Below are entries; repeat exactly, and nothing else, the lines from the one holding "Read Random Chat Manga Online" through the one holding "Деркачі з panoramio.com - Деркачи", inclusive. Leave the pictures out.
Start of EXERCISE DATA
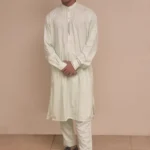DESIGN KURTA PAJAMA - 1021
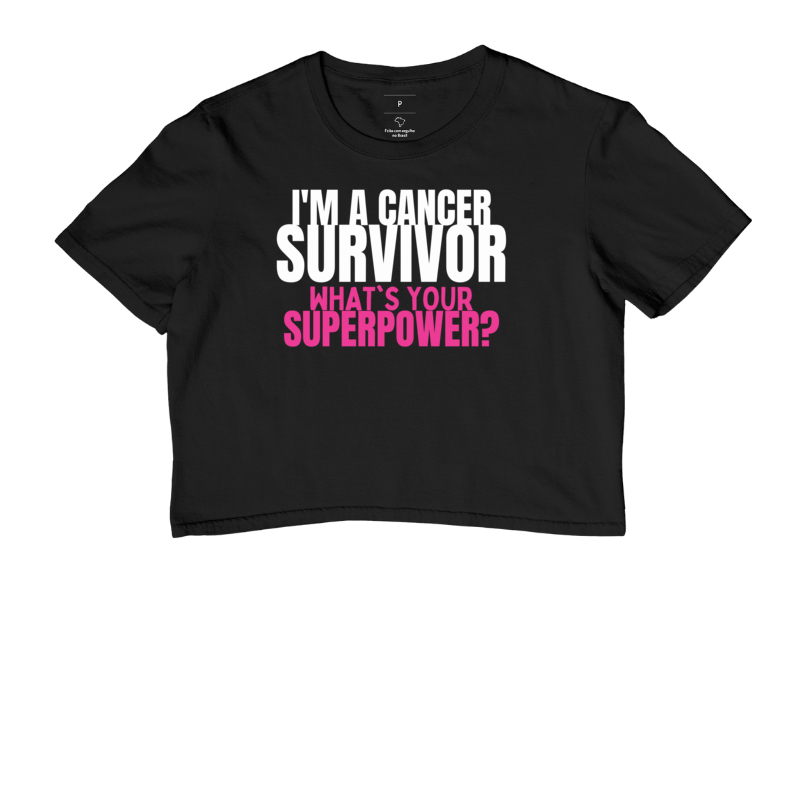 SURVIVOR - CANCER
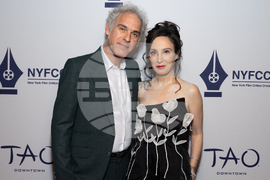 2026 New York Film Critics Circle Awards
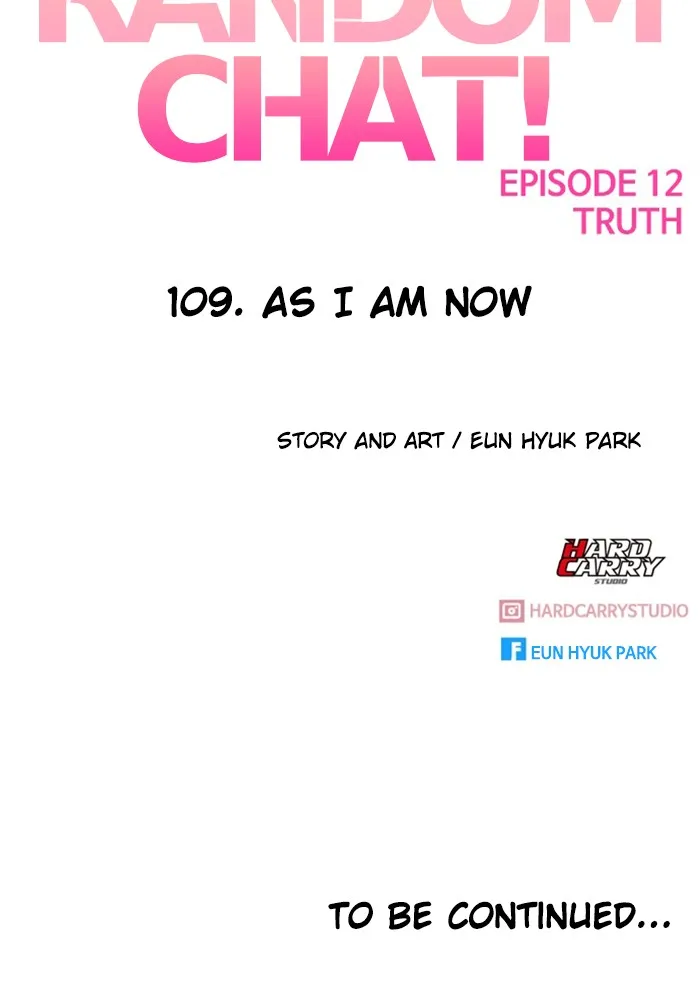 Read Random Chat Manga Online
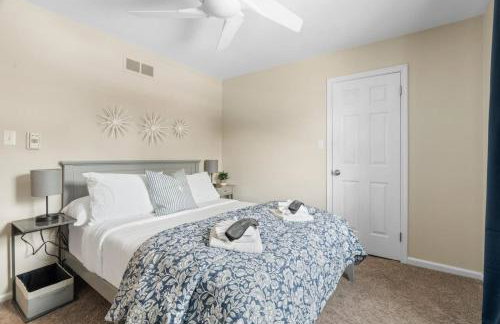 Pine Cove Retreat - 4BR - Pool - Foto 38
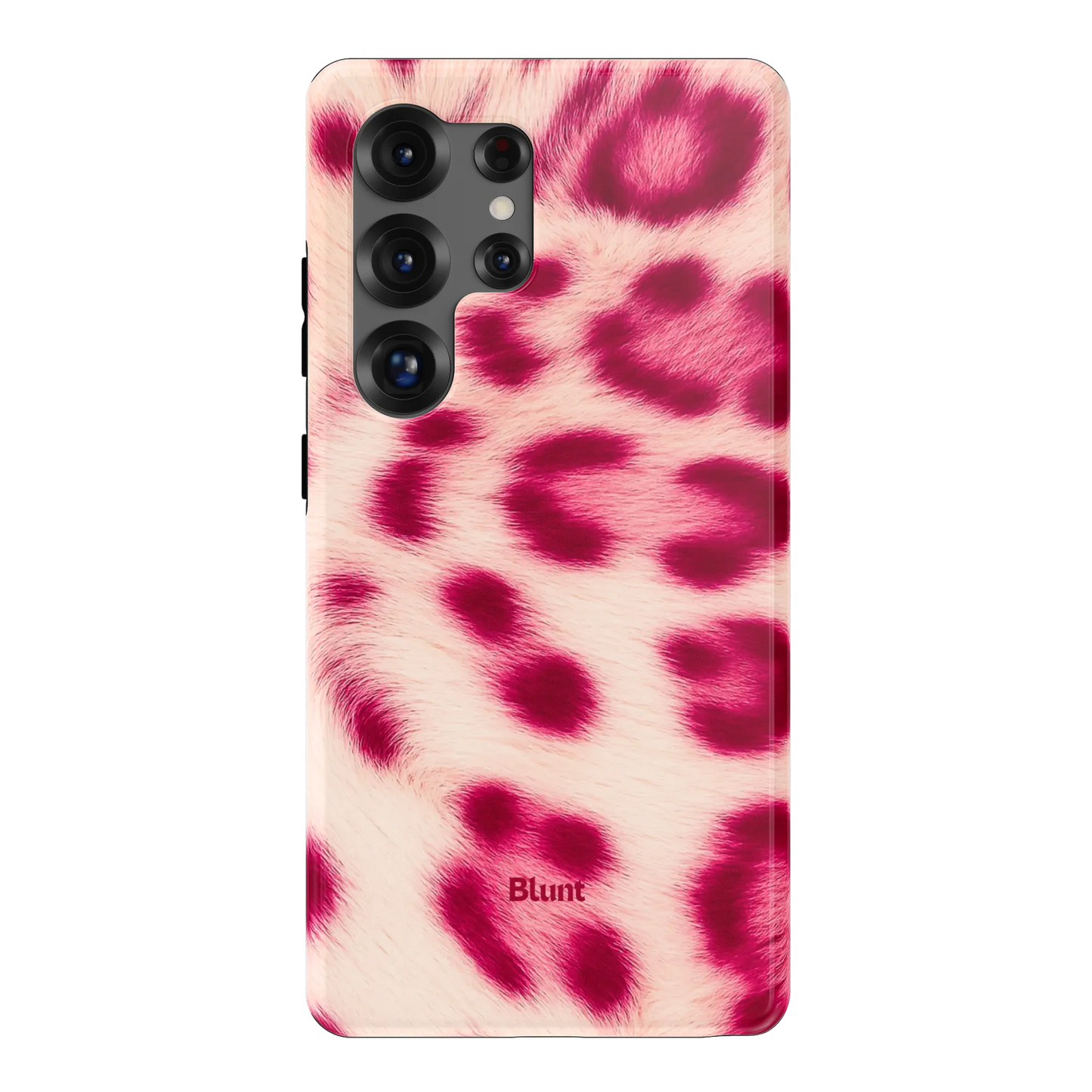 Cupid Cat Samsung Case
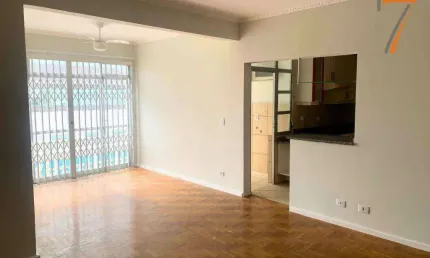 Apartamento com 3 dormitórios à venda, 95 m² por R$ 583.000,00 - Estreito - Florianópolis/SC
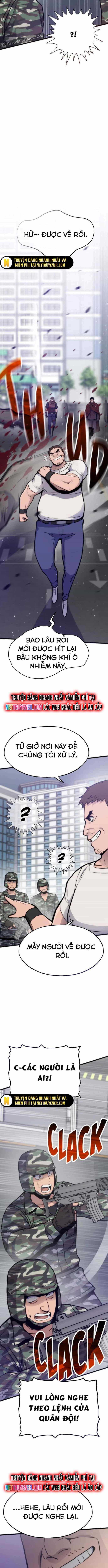 Hồi Quy Giả - Chương 128 - ảnh 9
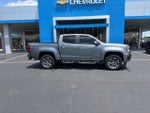 2022 Chevrolet Colorado WT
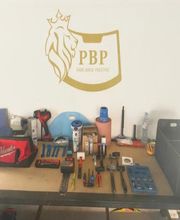 Pare-Brise Prestige Salon de Provence image 2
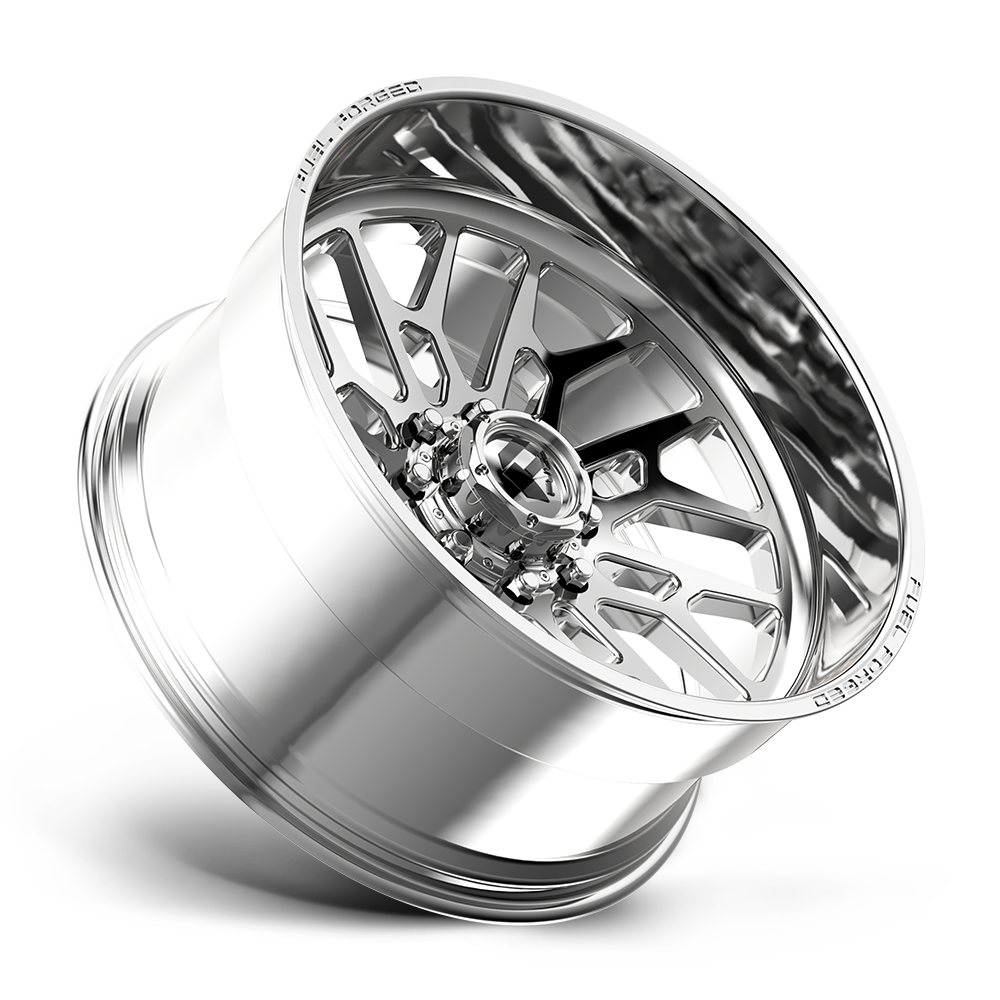 FUEL l FFC113 SANTIAGO CONCAVE POLISHED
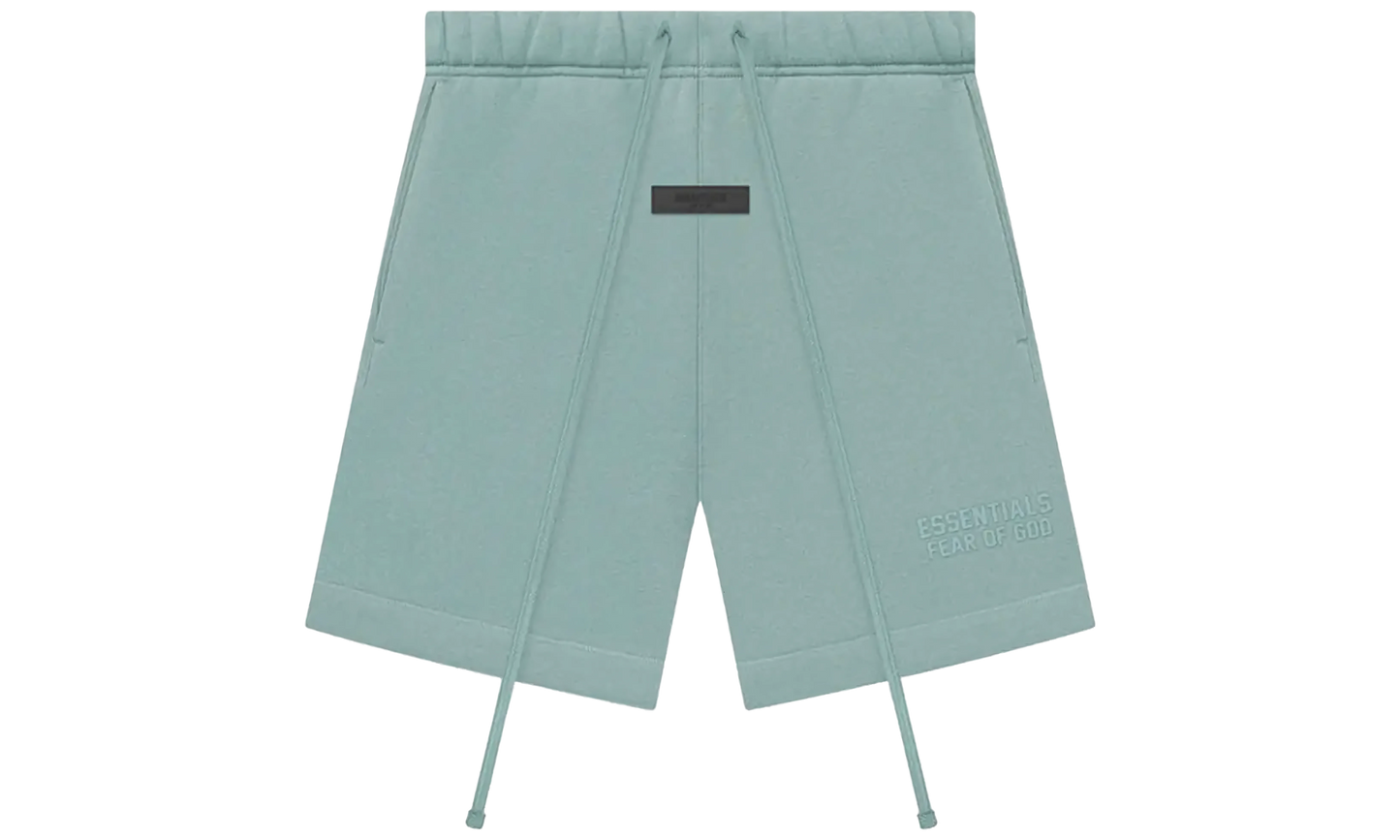Fear of God Essentials Sweatshort Sycamore SS23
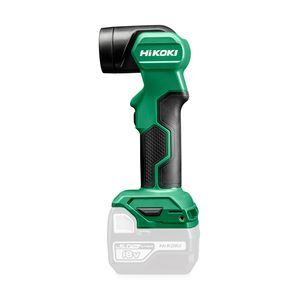 Hikoki Akku LED Lampe UB18DE Solo Produktbild Hikoki Akku LED Lampe UB18DE Solo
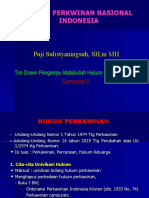 Hukum Perkawinan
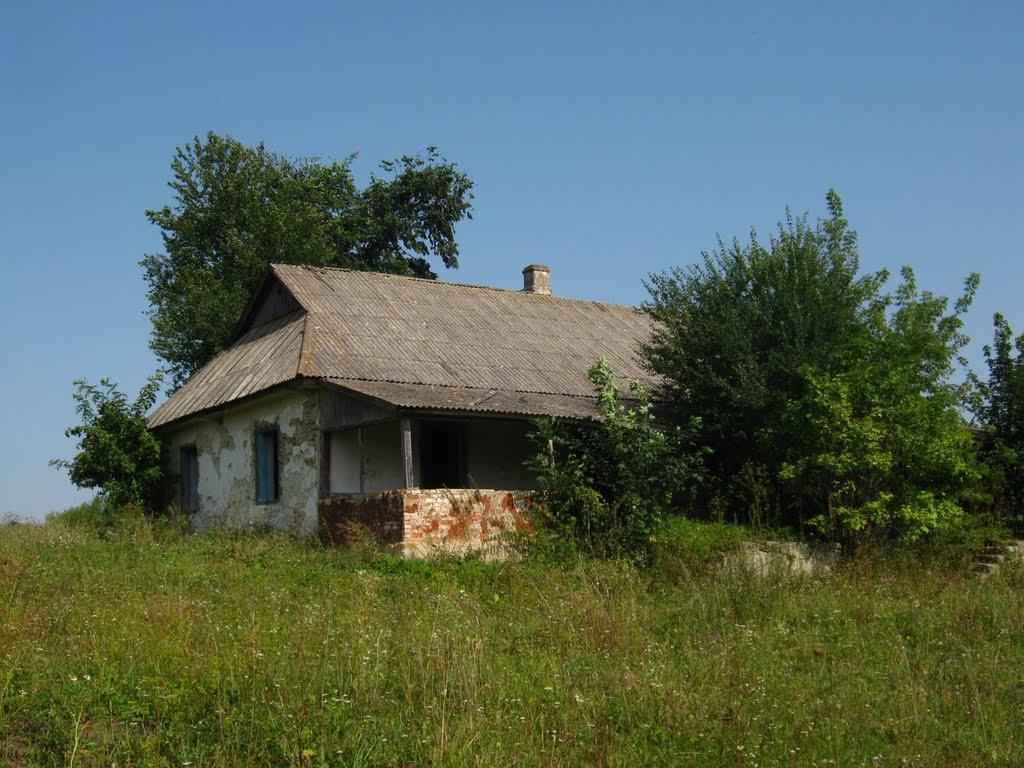 Деркачі з panoramio.com - Деркачи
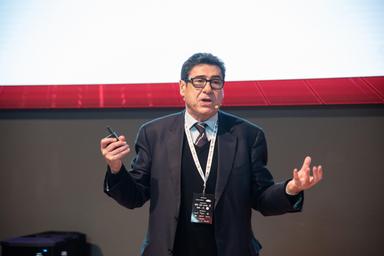 Aghion, 'il Pil non è un fine in sé, non misura la qualità della vita'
End of EXERCISE DATA
**TASK RESULT:**
 Read Random Chat Manga Online
 Pine Cove Retreat - 4BR - Pool - Foto 38
 Cupid Cat Samsung Case
 Apartamento com 3 dormitórios à venda, 95 m² por R$ 583.000,00 - Estreito - Florianópolis/SC
 Hồi Quy Giả - Chương 128 - ảnh 9
 2022 Chevrolet Colorado WT
 Pare-Brise Prestige Salon de Provence image 2
 FUEL l FFC113 SANTIAGO CONCAVE POLISHED
Fear of God Essentials Sweatshort Sycamore SS23
 Hikoki Akku LED Lampe UB18DE Solo Produktbild Hikoki Akku LED Lampe UB18DE Solo
 Hukum Perkawinan
 Деркачі з panoramio.com - Деркачи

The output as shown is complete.